Ich hab da schiss, weil mir das gleiche bei nbs24.net passiert is, dort hab ich mich aber glaub ich wirklich angemeldet... 
was tun?


----------



## Manti (11 Februar 2008)

Die schützen sich jetz ziemlich gut, ich habe mich versehentlich angemeldet und es dann aber vergessen, blöd wie ich bin... dann habe ich jetzt eine email bekommen, das ich innerhalb 7 tage 54 €überweisen soll und mein konto dann wieder aktiviert wird. Ich habe nichtsahnend zurückgeschrieben, das mir nichts der gleichenbewusst war und ob man das noch widerrufen kann, da kam gleich zurück, das ich das trotzdem bezalhen muss und schriftlich kündigen muss und dann die vertragsdauer von 24 Monaten erlischt. Heißt das ich muss tzortzdem weiter bezahlen, oder bin dann dort draußen?


----------



## jupp11 (11 Februar 2008)

*AW: Reingefallen auf nachbarschaft24.com - nachbarschaft24.net - meinnachbar.net*



Manti schrieb:


> Heißt das ich muss tzortzdem weiter bezahlen, oder bin dann dort draußen?

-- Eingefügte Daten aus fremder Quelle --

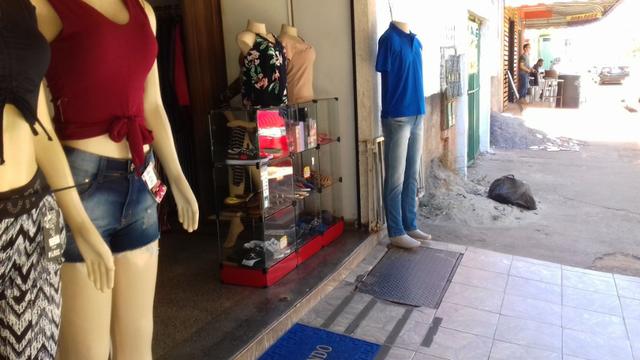 Santa Maria QC 01, Predio com lojas + 4 apartamentos renda de R$ 6.400,00 - Foto 10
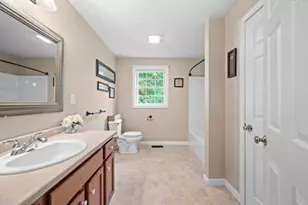 25 Melba Dr, Hudson, NH 03051 - Photo 27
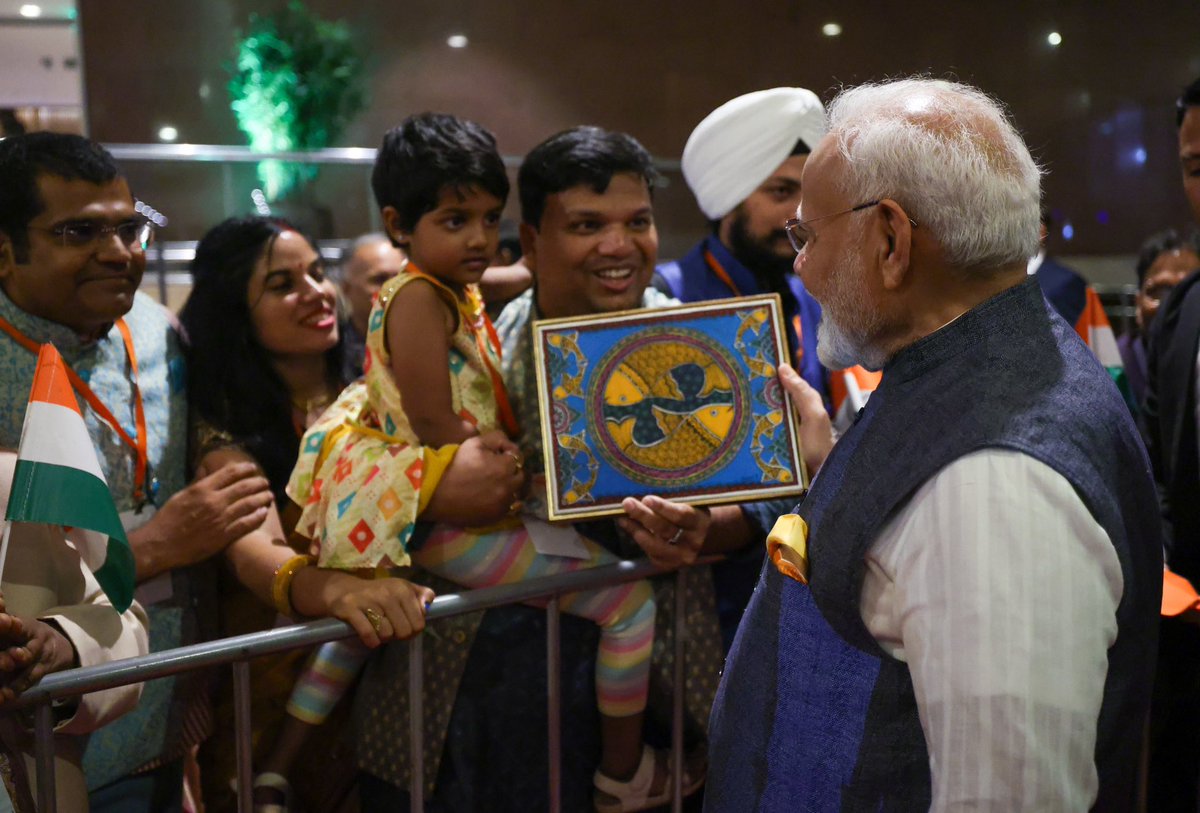 narendramodi's tweet photo. Estou comovido com a recepção calorosa que a comunidade indiana recebeu  ao chegar no Rio de Janeiro. A sua energia é um reflexo do afeto que nos une para além dos continentes que nos separam. https://t.co/MnpgborOby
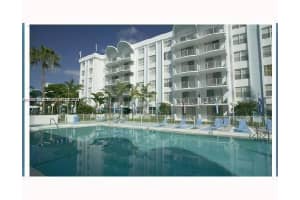 498 Nw 165th St Rd D-607, Miami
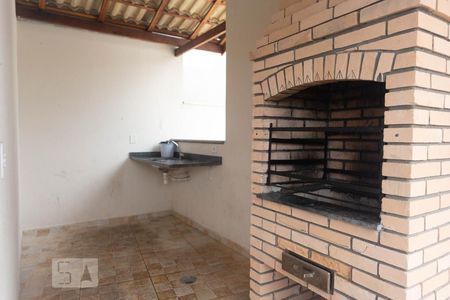 Apartamento para alugar com 55m², 2 quartos e 1 vagaÁrea comum - churrasqueira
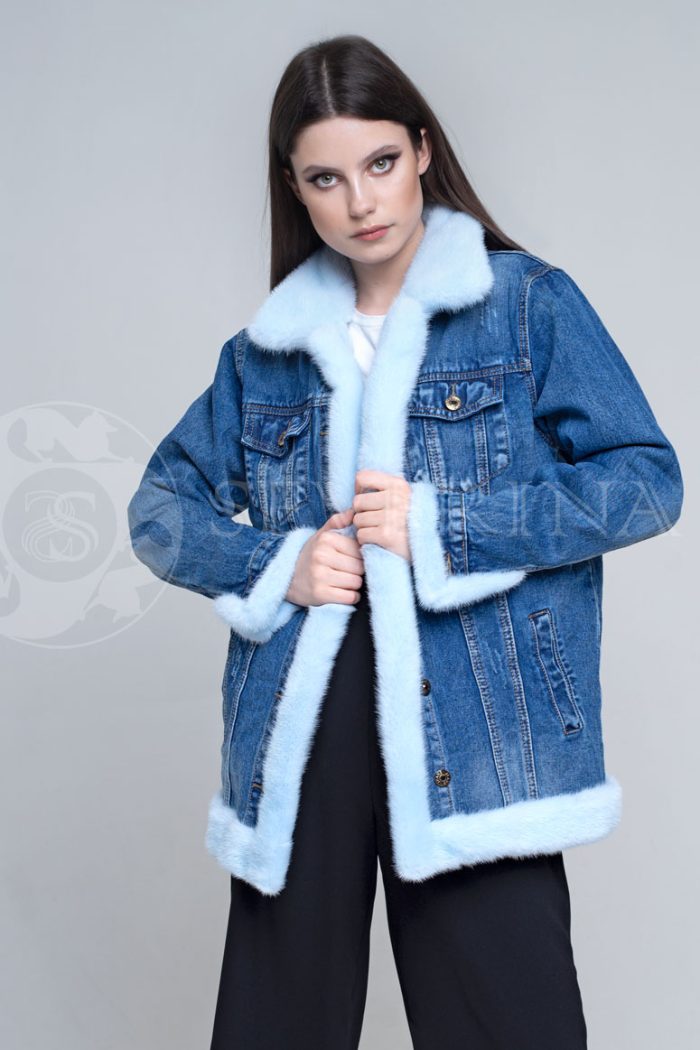 denim dlinnaja4 700x1050 - Джинсовая куртка с отделкой мехом норки голубого цвета К-002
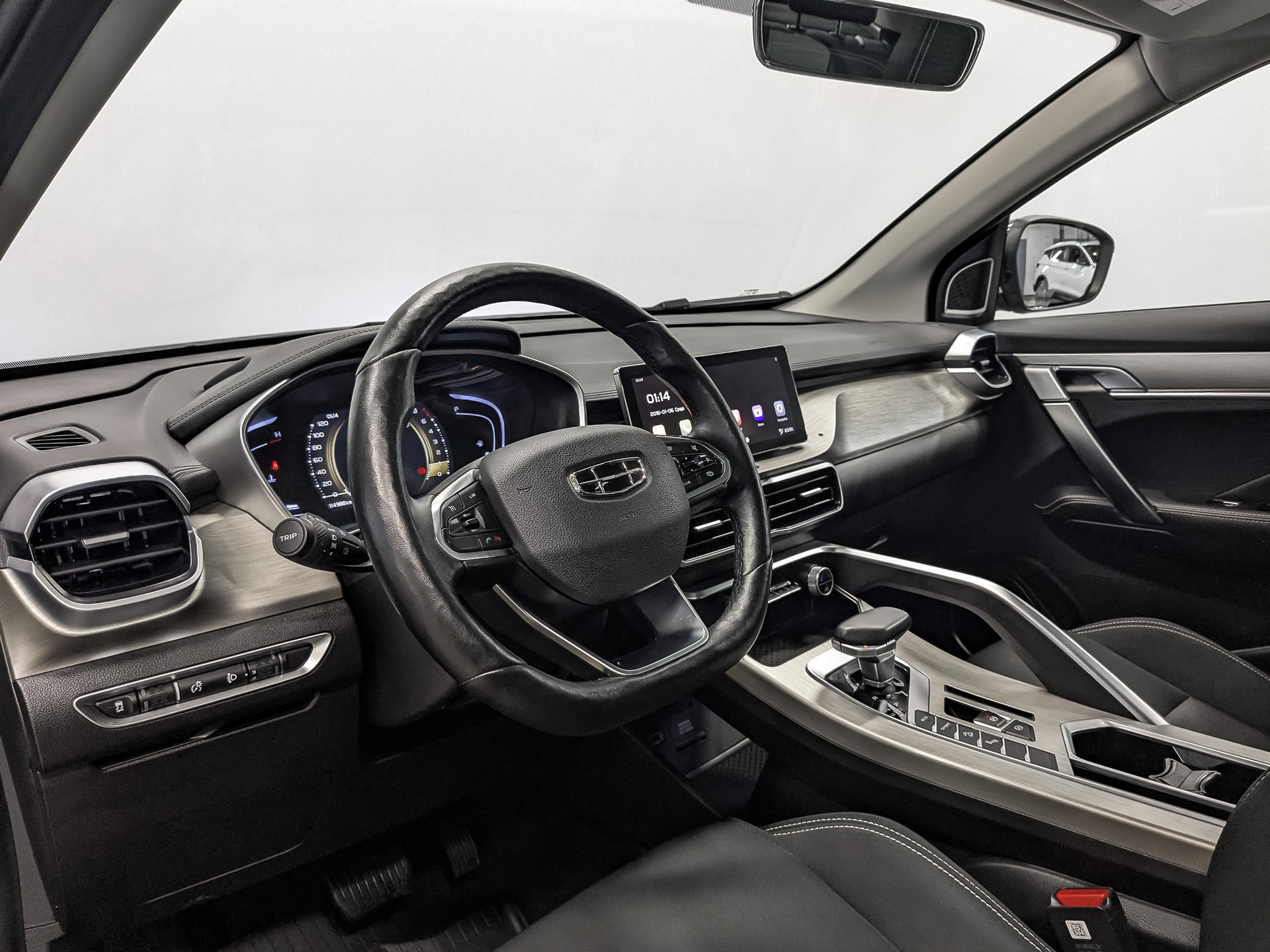 GEELY Coolray 1.50 (149 л.с), автомат, 2023, пробег 114 986 км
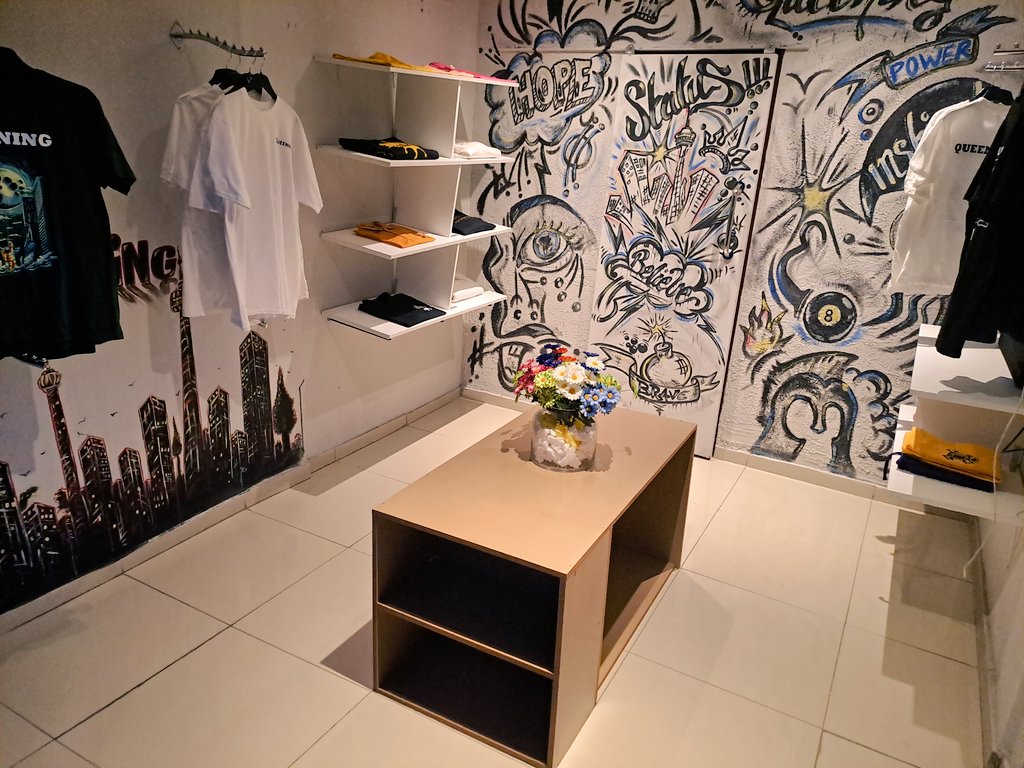 19Kaymaster000's tweet photo. @Ndaba_Luh I have a clothing brand Kinging &amp; Queening ( @19KQueening )

Located at soweto 599 Rakuba Street mapetla

Prices depend on the design you like

Hoodies range from R350 - R400
Sweaters range from R300- R350
T-shirts range from R180 - R300
Tracksuits range from R550-R650 https://t.co/4Uv40HdtwI
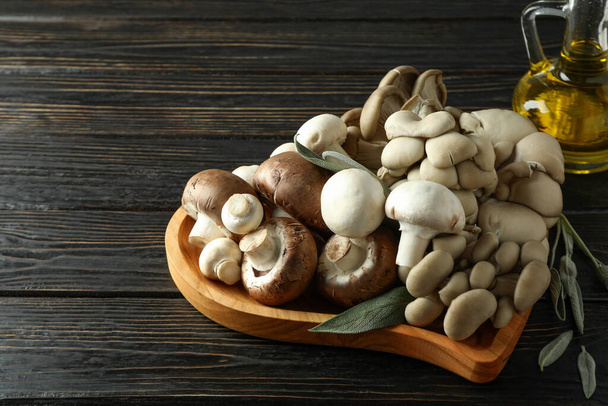 Conceito de comida saborosa com cogumelos no fundo de madeira - Foto, Imagem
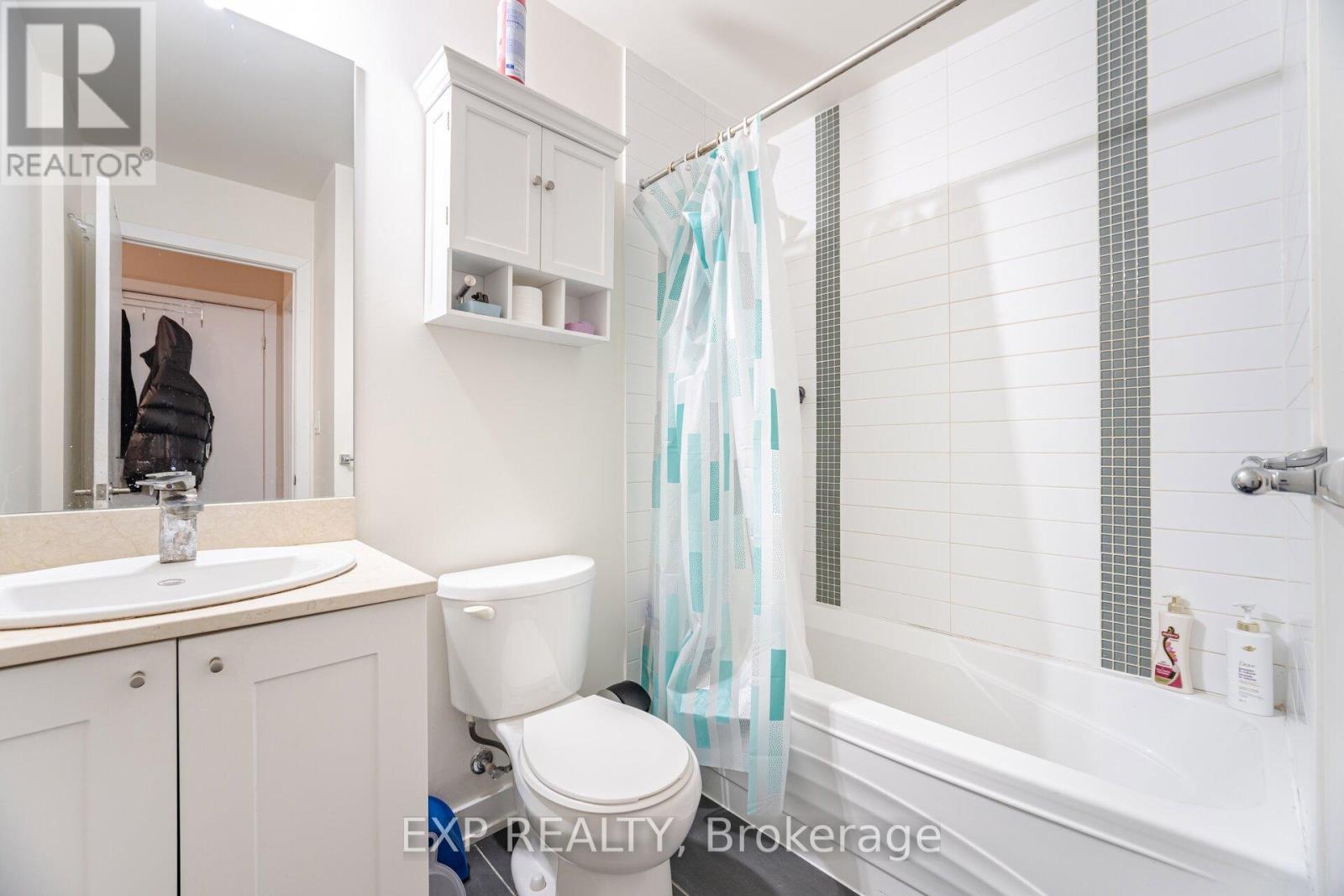 4209 - 4070 Confederation Parkway, Mississauga, Ontario  L5B 0E9 - Photo 9 - W12062480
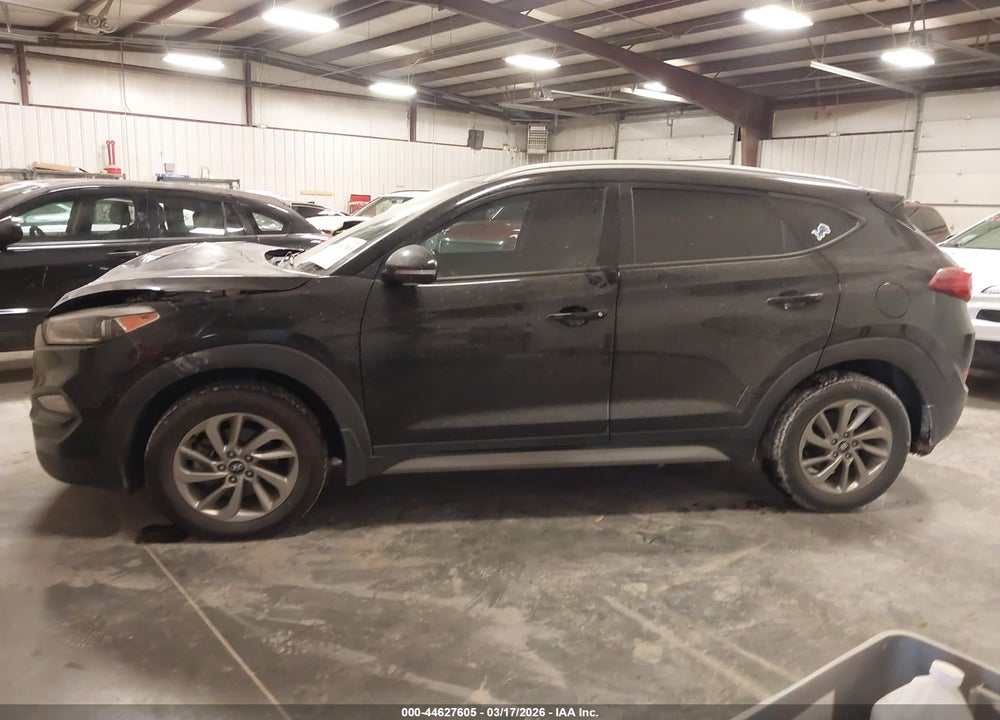 2017 HYUNDAI TUCSON SE PLUS VIN: KM8J3CA49HU437803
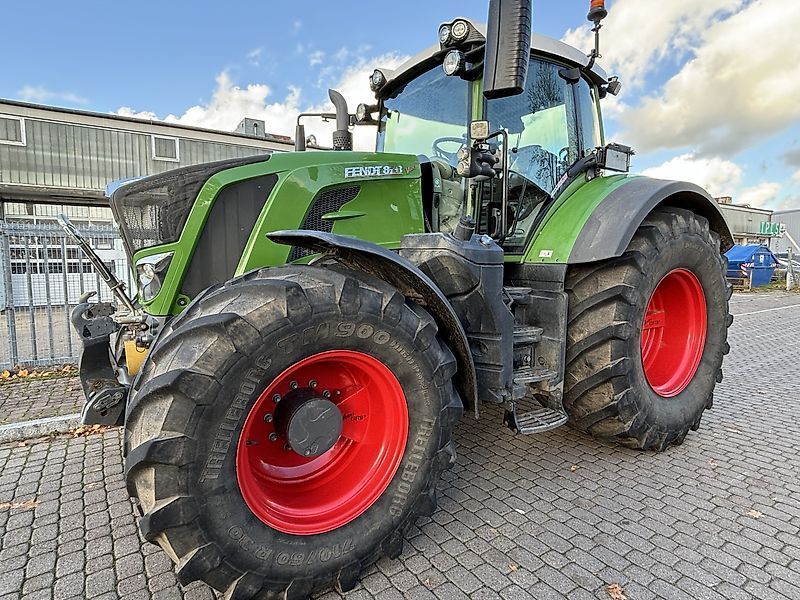 E-FARM: Fendt 828 Vario ProfiPlus - Tracteur - id EZNV4UY - 129 500 € - Année: 2021 - Lecture du nombre d'heure: 5 141,Allemagne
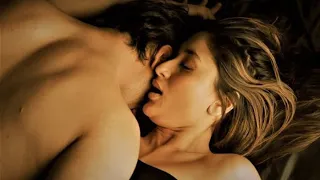 kareena kapoor hot kissing scene in one video kareena kapoor romance with kiss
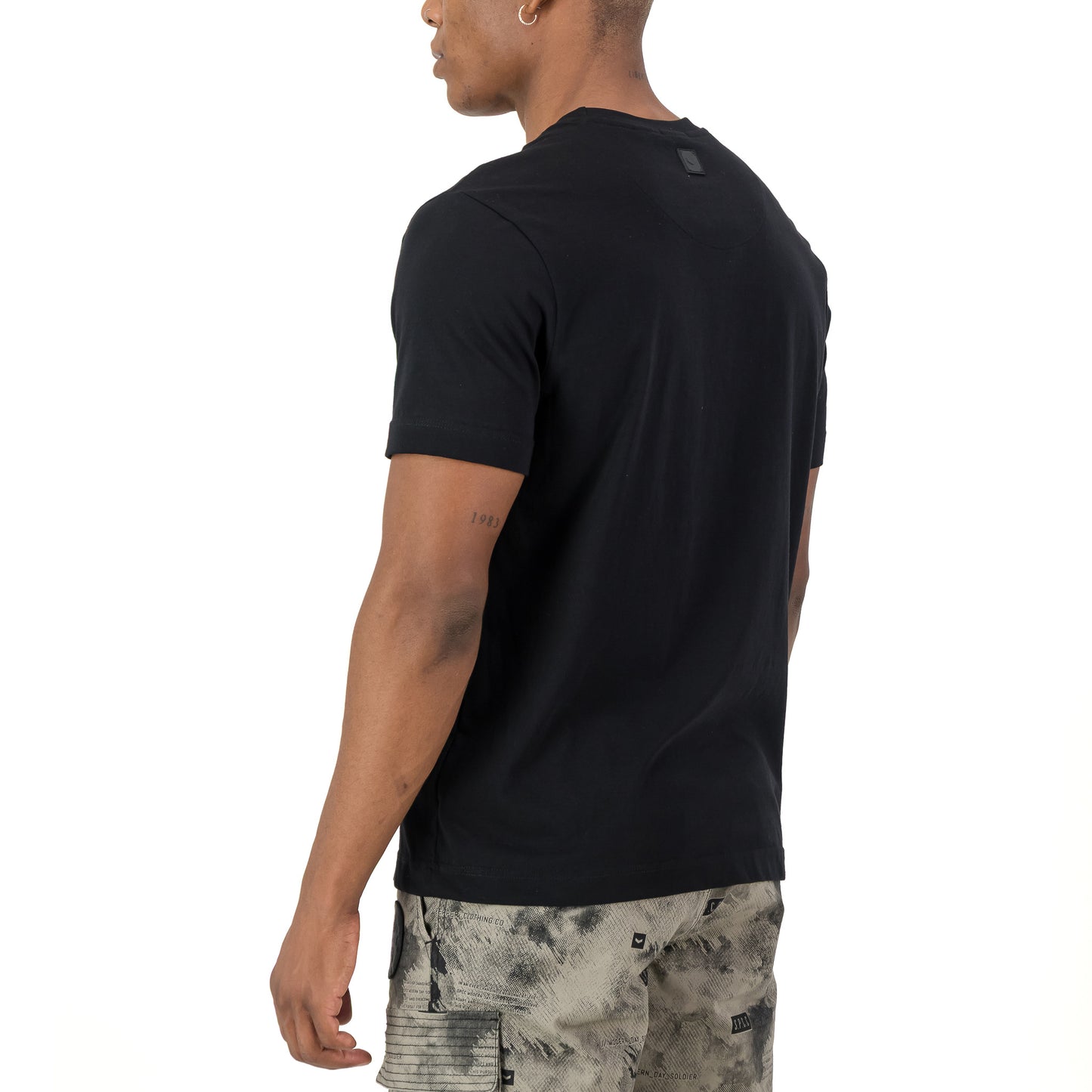 Alaric Tee  - Black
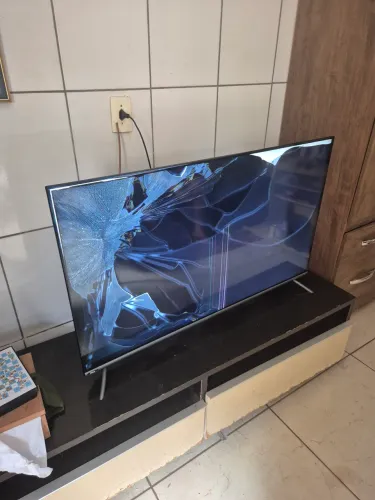 TV Smart Philco 50' 4K *Tela Quebrada*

*gaaaaanz* heisser  Tipp, liest die vorhergehenden Postings da steht alles bereits ( zum x-ten Mal ) 
es macht wahrhaftig keinen Spass alles immer und  immer zu wiederholen


----------



## Manti (11 Februar 2008)

*AW: Reingefallen auf nachbarschaft24.com - nachbarschaft24.net - meinnachbar.net*

ja bloß mein prob is, das ich heute spät. bezahlen muss... und meine frist morgen abgelaufen ist... und ich eigentlich keine zeit für so ein mist, ich weiß ich hab mir das selbst verbockt aber egal. Ich brauche ja nur eine schnelle präzise Antwort


----------



## webwatcher (11 Februar 2008)

*AW: Reingefallen auf nachbarschaft24.com - nachbarschaft24.net - meinnachbar.net*

Auch wegen deiner  Eile werden wir uns  nicht einem anonymen User zuliebe mit einem Verstoss  
gegen das Rechtsberatungsgesetz in die Nesseln setzen. Mehr  als die vorstehenden Informationen gibt es
 nicht und  schon gar nicht individuelle Beratung 


*EOT *


----------



## Manti (11 Februar 2008)

*AW: Reingefallen auf nachbarschaft24.com - nachbarschaft24.net - meinnachbar.net*

Es tut mir ja wirklich leid, und ich lese ja auch schon wie eine verrückte, aber ich kann leider nichts finden, das meiner sit. gerechtfertigt ist. Ich weiß nicht mehr genau, ob ich mir fertig dort angemeldet hatte und das Datum war der 19.12.07, so stand es in der Mail die ich bekomen hab mit der Rechnung, dieses Datum kann gut möglich stimmen, ich weiß es nicht mehr .... na jedenfalls kann ich auch nicht mehr widerrrufen..... also bezahlen und kündigen? aber ich hab in den vorhergehenden Postings gelesen, dass ich nicht per Post kündigen soll... das verlangen die aber .. also was tun???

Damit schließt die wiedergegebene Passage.